◆ **Dataset entries**
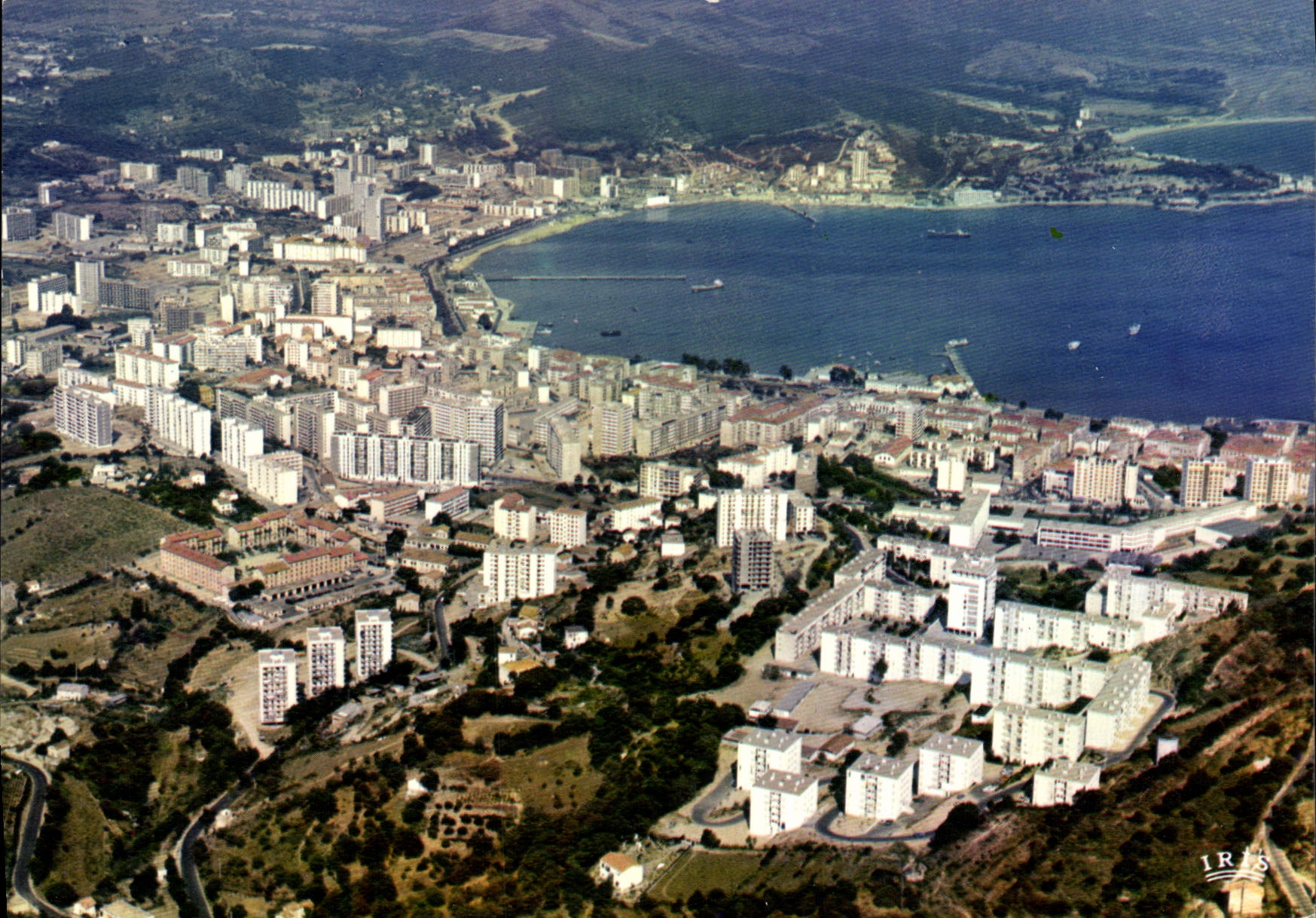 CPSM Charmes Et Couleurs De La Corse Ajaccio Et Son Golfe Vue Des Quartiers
...
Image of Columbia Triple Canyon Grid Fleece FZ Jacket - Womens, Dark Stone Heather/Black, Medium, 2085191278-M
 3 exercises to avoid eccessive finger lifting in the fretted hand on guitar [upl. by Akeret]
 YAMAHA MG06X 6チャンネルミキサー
==
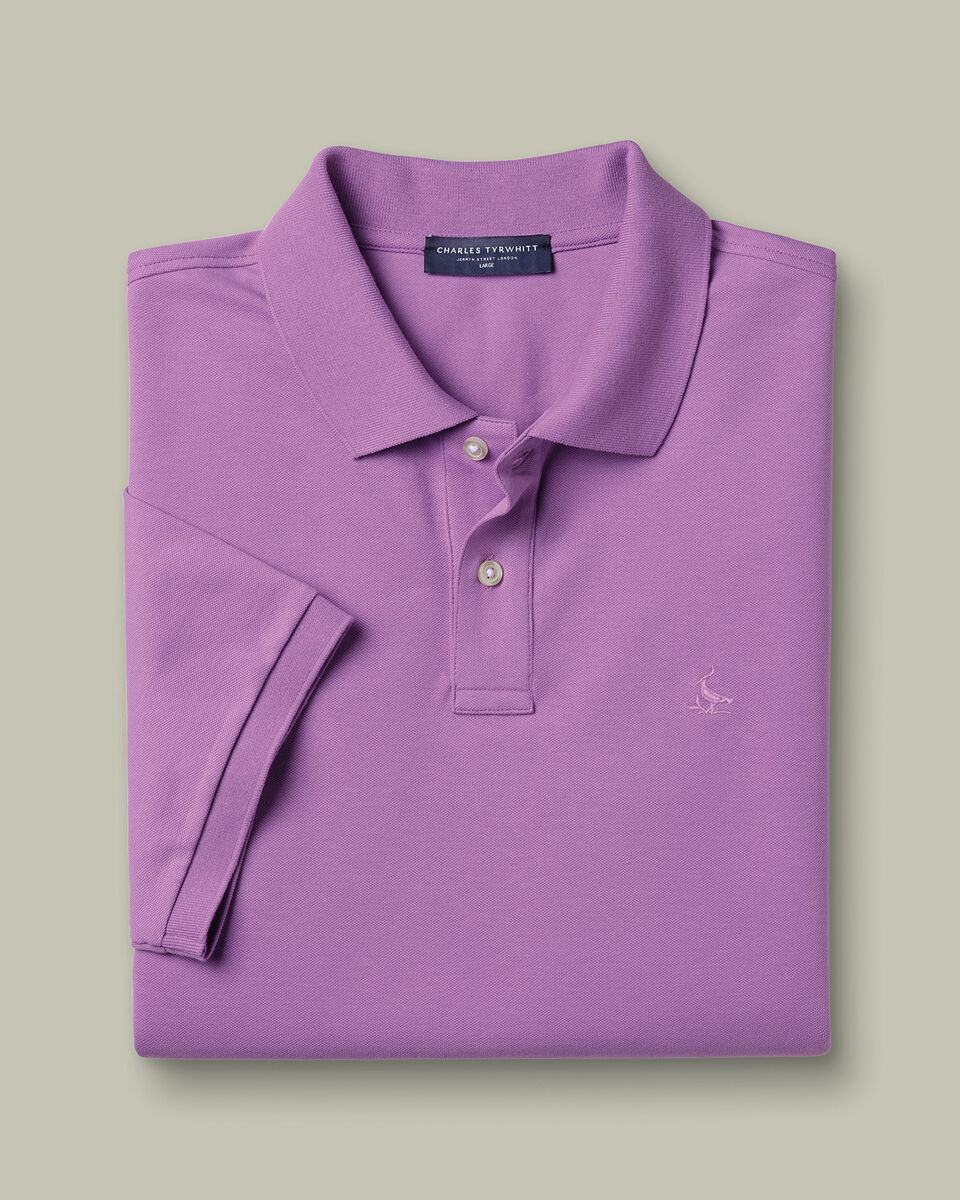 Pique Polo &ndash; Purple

◆ **What you will do**
Copy verbatim, from the listing above, each line from the one containing "3 exercises to" down to the one containing "YAMAHA MG06X 6チャンネルミキサー", inclusive.

◆ **Solution to the exercise**
 3 exercises to avoid eccessive finger lifting in the fretted hand on guitar [upl. by Akeret]
 YAMAHA MG06X 6チャンネルミキサー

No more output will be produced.